Em dois momentos Truman tenta escapar. No primeiro deles, ele age por impulso, e leva consigo sua esposa, “Meryl”, e cada segundo daquela tentativa falha de fuga é angustiante – vocês também ficam tensos aquele momento inteiro? Estava torcendo por Truman como se a minha vida dependesse daquilo! Mas Meryl tenta desencorajá-lo a escapar, carros aparecem para formar “trânsito” de uma forma bizarramente sincronizada, e ele percebe cada um desses detalhes… ele já não tem mais dúvidas de que sua vida é uma mentira. Ele tenta agir de maneira inesperada, para ir o mais longe que pode, mas eventualmente é detido por um policial que o chama pelo nome, mesmo que ele não tenha tido o seu nome… então, ele tenta escapar a pé, também sem sucesso, e ele acaba sendo levado de volta para casa. De volta para onde tudo começou.

Mas Truman é esperto, felizmente… depois da invasão do ator que interpretou seu pai aos estúdios de gravação, Christof o contrata para “consertar essa crise”, já que “foi ele que a começou”, e então temos um “episódio” do Show do Truman no qual pai e filho se reencontram – e essa é outra cena bizarra e revoltante, porque vemos o quanto tudo é manipulado, o quanto se usa da emoção sincera de Truman para gerar expectativa, emoção, ibope. O “pai” não sente nada por ele de verdade, aquele momento é todo manipulado, mas acaba sendo útil para Truman. Depois daquilo, ele “volta a ser o Truman de antes”. Ele volta a dar bom dia aos vizinhos na hora de ir trabalhar, com a frase de sempre, faz piadas no espelho, e isso faz com que o público e, especialmente, a produção do programa, “baixem a guarda”. Para eles, é o Truman de sempre.

Mas não é.

É só assim que Truman consegue, finalmente ESCAPAR. Ele desaparece durante a noite, enquanto Christof coloca todo mundo atrás dele – afinal de contas, é a sua “estrela” partindo. E, ali, ele deixa de lado qualquer cuidado e revela, de uma vez por todas a Truman, que ele está em um programa de TV… não há mais sentido em seguir fingindo.

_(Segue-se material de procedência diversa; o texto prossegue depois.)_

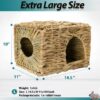 Extra Large Grass House for Rabbit, Foldable & Comfortable - Small Animal Hut Play Hideaway Bed Hay Mat Chew Toy for Bunny Guinea Pig Hamster Chinchilla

Ele faz o “dia” amanhecer mais cedo, e de maneira muito rápida, para poder encontrá-lo, e o localiza no mar, em um barquinho, tentando navegar para longe da ilha, e toda a sequência é angustiante, porque estamos vidrados, torcendo por Truman, sabendo que estamos chegando ao fim do filme e que, se não for agora, ele não conseguirá mais fugir, porque ninguém o deixará em paz, mas Christof está quase disposto a tudo. A maneira como eles enviam uma tempestade que quase o mata afogado…

 

“For God's sake, Chris! The whole world is watching. We can't let him die in front of a live audience!”

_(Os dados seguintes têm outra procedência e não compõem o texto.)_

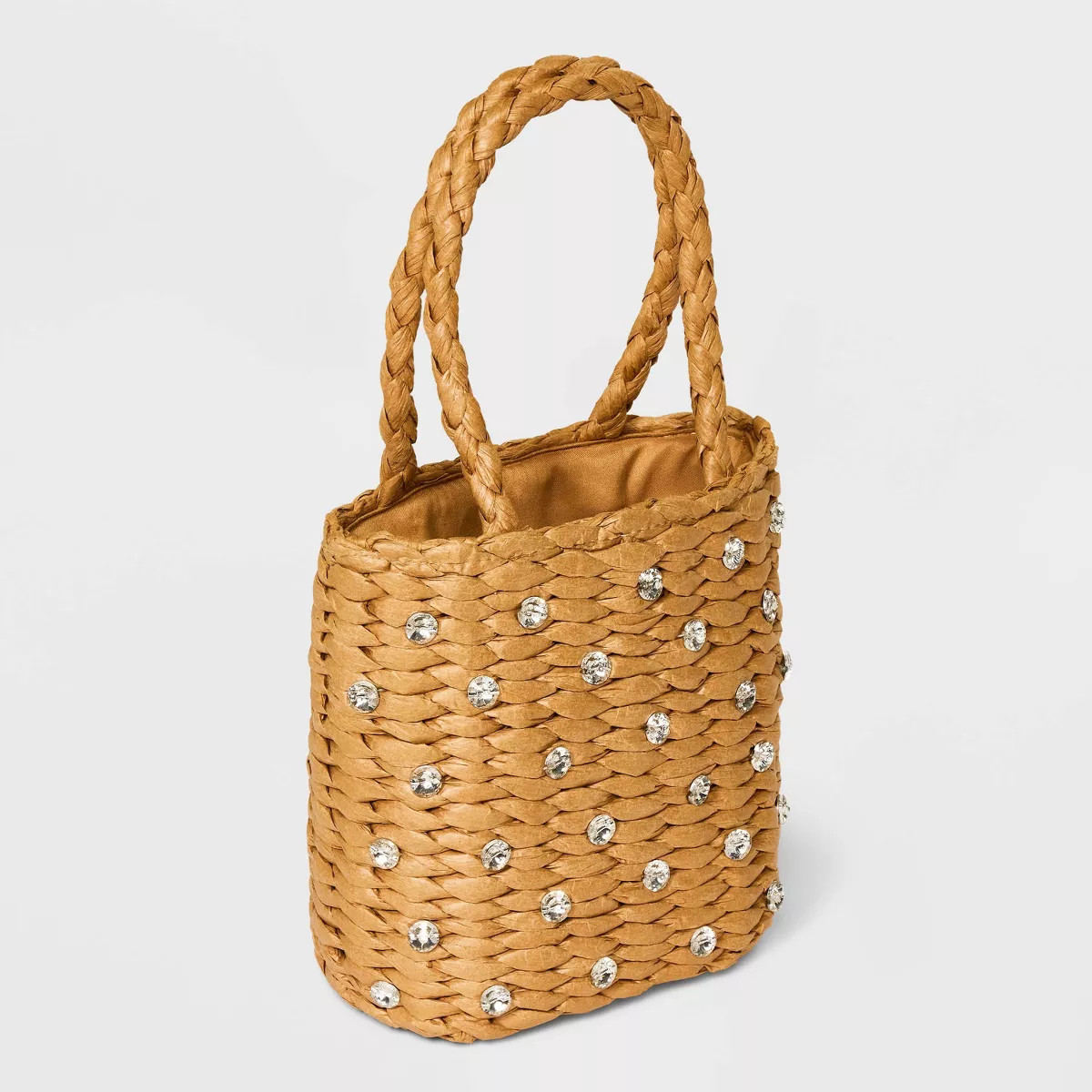 Mini Embellished Straw Bucket Bag - A New Day™ Beige | Target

“He was born in front of a live audience”

 

Christof não se importa.

Christof não sente nada por ele.

Mas ele tenta fingir que sente. O FINAL DO FILME É EMOCIONANTE, E EU AMEI A ATUAÇÃO DE JIM CARREY AQUI! Ele não deixa sua veia cômica de lado, que é a sua marca, mas ele consegue nos convencer dos sentimentos de Truman e consegue fazer com que sintamos por ele. Truman se mostra incansável, e ele diz que “terão que matá-lo para impedi-lo”, e no fim a tempestade se vai e Truman navega até a beira do mundo… do seu mundo. Eventualmente, o barco bate no fim do cenário, e então ele caminha até a saída, onde Christof fala com ele uma última vez. Um discurso barato e nojento sobre como ele deveria ficar ali, como não há nada a mais do lado de fora, e é revoltante como ele apela para o sentimentalismo, como se se importasse de fato. Mas Truman não pode voltar atrás… não agora que ele sabe a verdade, que ele está a uma porta do mundo real.

Então, ele diz sua frase de sempre:

“In case I don't see you... good afternoon, good evening, and good night”

Eu chorei. E ainda agora, escrevendo essas palavras, elas me arrepiam.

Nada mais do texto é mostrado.